Tendance écolo : je me mets au tricot

Ringard, le tricot ? Pas du tout : il revient à la mode avec la tendance du ‘do it yourself’. Loisir déjà peu polluant, on peut le faire de façon très écologique. Tous nos conseils pour se mettre au tricot écolo !

Tendance écolo : je me mets au tricot

Le do it yourself (DIY pour « fais-le toi-même ») a révolutionné le petit monde du tricot en quelques années. Aujourd’hui, on veut tricoter, et on peut même le faire sans polluer, zéro déchet et -presque- gratuitement. Tous nos conseils pour tricoter vert.

Comment tricoter responsable ?

Depuis une dizaine d’années, on voit de plus en plus de jeunes se tourner à nouveau vers le tricot, le crochet ou la couture.

En effet, ces arts créatifs possèdent de nombreux avantages : économiques, ils permettent de réaliser des habits et accessoires solides. À l’heure du prêt-à-porter, on peut créer des pièces uniques et originales à offrir ou à s’offrir. Enfin, il s’agit d’activités écologiques puisque demandant peu de ressources, et éthiques : on est sûrs que ce ne sont pas des enfants qui ont tricoté notre écharpe ! Il est possible de tricoter encore plus écolo en suivant nos quelques conseils.

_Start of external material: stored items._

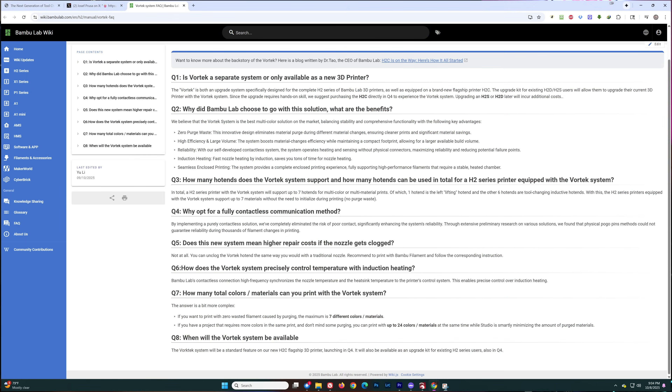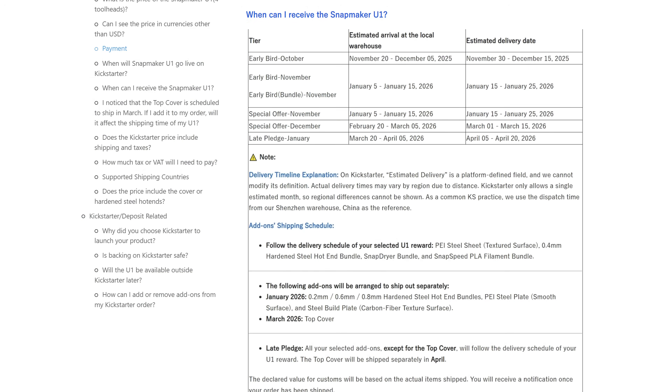No purge waste — we'll see about that one. The next question from the wiki: when will the Vortex system be available? The answer: the Vortex system will be a standard feature on the new H2 flagship 3D printer launching in Q4, and will also be available as an upgrade kit for existing H2 series users, also in Q4. We'll see if they make that goal. That leaves us with the Snapmaker U1. The Kickstarter campaign ended on September 30th, fully funded at $20,453,833 with 20,509 backers, with a late pledge option running through mid-October. According to their website, only the early bird October tier has an estimated delivery date in 2025 — end of November to mid-December.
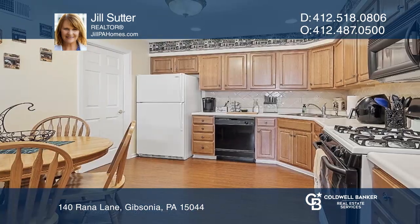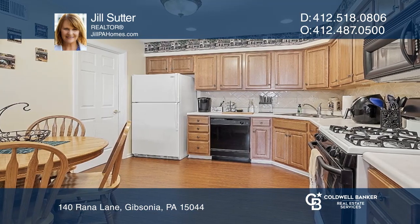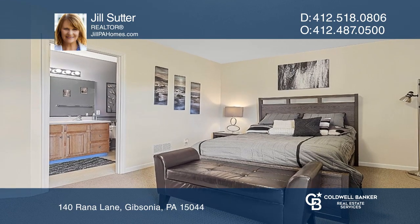The eating kitchen has tons of cabinet space. The master suite includes a walk-in closet and a spacious bath.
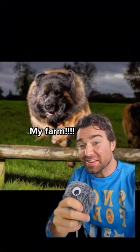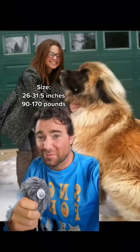Since then they've been used as watchdogs, fluffy cart-pulling oxen, and even water rescue. So what are they like? They're big — like 31 inches at the withers and up to 170 pounds. They're also big cuddle bugs and make great family dogs. They'll even nurse your children for you. I'm kidding. That's gross.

Des aiguilles et de la laine écolos

Pour tricoter, il ne faut pas beaucoup de matériel : une paire d’aiguilles, de la laine et éventuellement un patron. Évitez les packs tendance « des aiguilles – un modèle – deux pelotes », sauf peut-être pour débuter. Achetez plutôt directement de la laine et des aiguilles, ce qui vous reviendra moins cher. Dans ce cas-là, choisissez de préférence une laine 100 % bio. La marque Bellelaine propose par exemple des pelotes de laine bio Made in France.

Si vous êtes vegan et que vous évitez les vêtements en laine, il existe également des fils à tricoter en coton bio ou même en chanvre bio fabriqués en France !

De même concernant les aiguilles. Il en existe de toutes les tailles en dans toutes les matières. Si vous devez en acheter, préférez des aiguilles en bambou, un matériau renouvelable issu d’une plante qui pousse très rapidement. En outre, elles sont plus agréables au toucher que des aiguilles en plastique.

Le matériel : pensez à l’achat d’occasion et à la récup’

Pour trouver des aiguilles et de la laine, vous pouvez faire appel à l’achat d’occasion, ou même au don. Demandez autour de vous : de nombreuses mamies ont encore de vieilles pelotes et des aiguilles qui traînent, et se feront un plaisir de vous montrer les points pour débuter. En outre, c’est une activité qui crée du lien entre générations !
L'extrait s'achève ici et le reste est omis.